Hari – hari berlalu dengan kesibukan penggarapan skenario film.  Disela – sela itu, Beik teringat dengan filsuf dan kemudian meminta kepada salah seoarang petani untuk membawakan kepadanya. Datanglah seorang petani dan berkata “ berhari – hari mereka mencari induk keledai yang baru melahirkan atau baru mengandung tapi tetap saja tidak mau minum, mungkin dia sebentar lagi akan mati “. Beik mendengaritu dan hanya terdiam seperti tidak peduli karena dari awal berfikir bahwa keledai ini adalah masalah.
Sekembalinya Beik ke kairo, dia mendapatkan undangan dari Sutradara untuk makan malam di Pinggiran Piramida serta pesta untuk merayakan awal pembuatan film. Beik hanya terdiam dan kurang bersosialisai dengan tamu – tamu dan akhirnya memisahkan diri ke luar dan duduk di bangku oanjang menyendiri. Dan kemudiandisana Beik di datangi oleh wanita  yang menyadarkannya akan hidup dan pula mengingatkannya dengan Filsuf.

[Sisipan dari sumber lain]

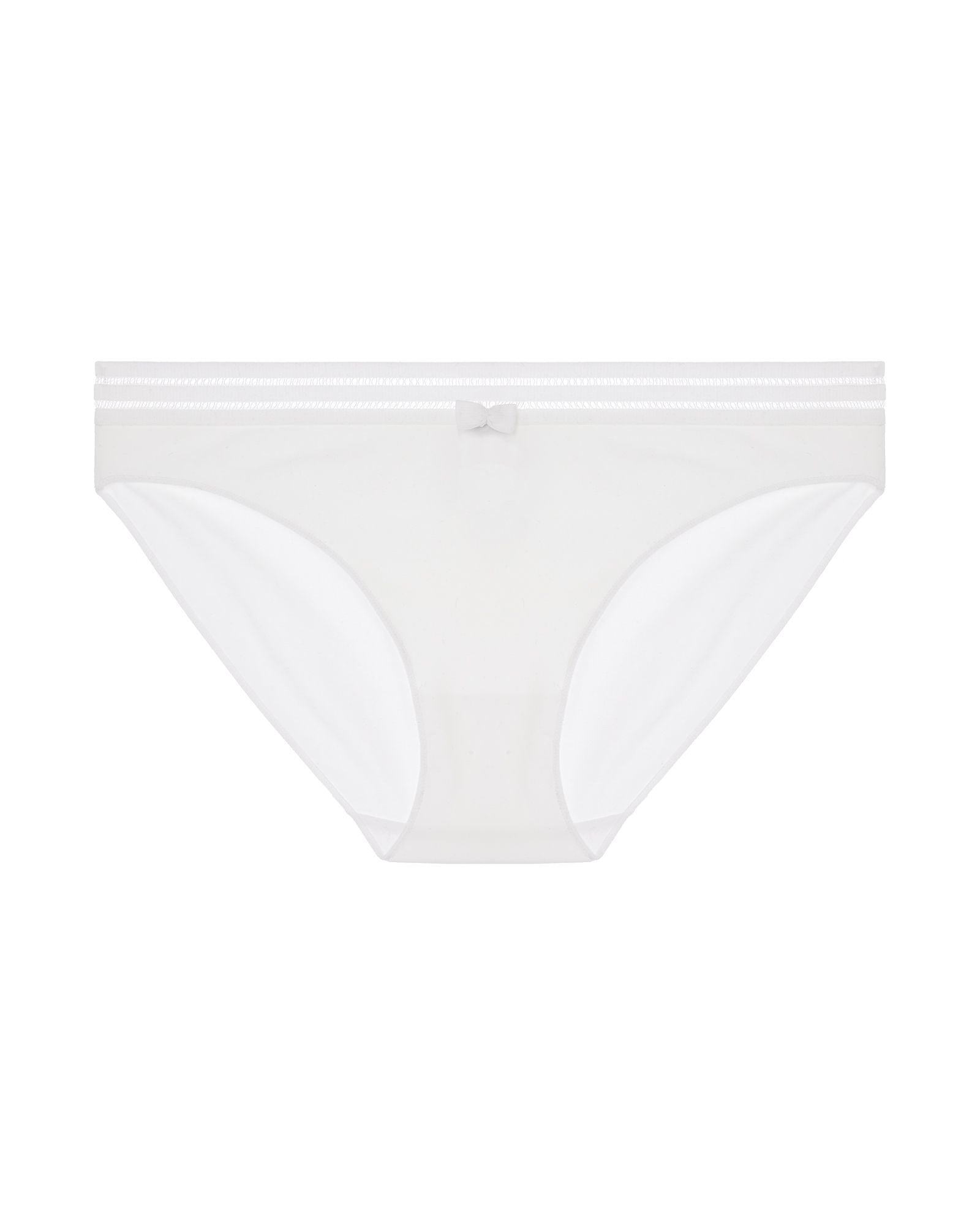 Huit Sweet Cotton Classic Brief in white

Beberapa hari setelah acara itu, sutradara mendatangi Beik mengabarkan berita buruk. Bahwa Filsuf telah mati. Seketika itu Beik sadar dengan keadaannya yang selalu saja seperti anak keledai yang bernama Filsuf. Ia terlahir sejak dua hari, dan pergi dari cangkir susu menuju cermin lemari untuk memerhatikan dirinya. Begitu pula beik sejak kecil lari dari kemegahan kehidupan yang menghanyutkan para pemuda – pemudi, menuju sebuah cermin agara dapat memperhatikan diri didalamnya. Perhatian orang yang sedang bingung akan diri.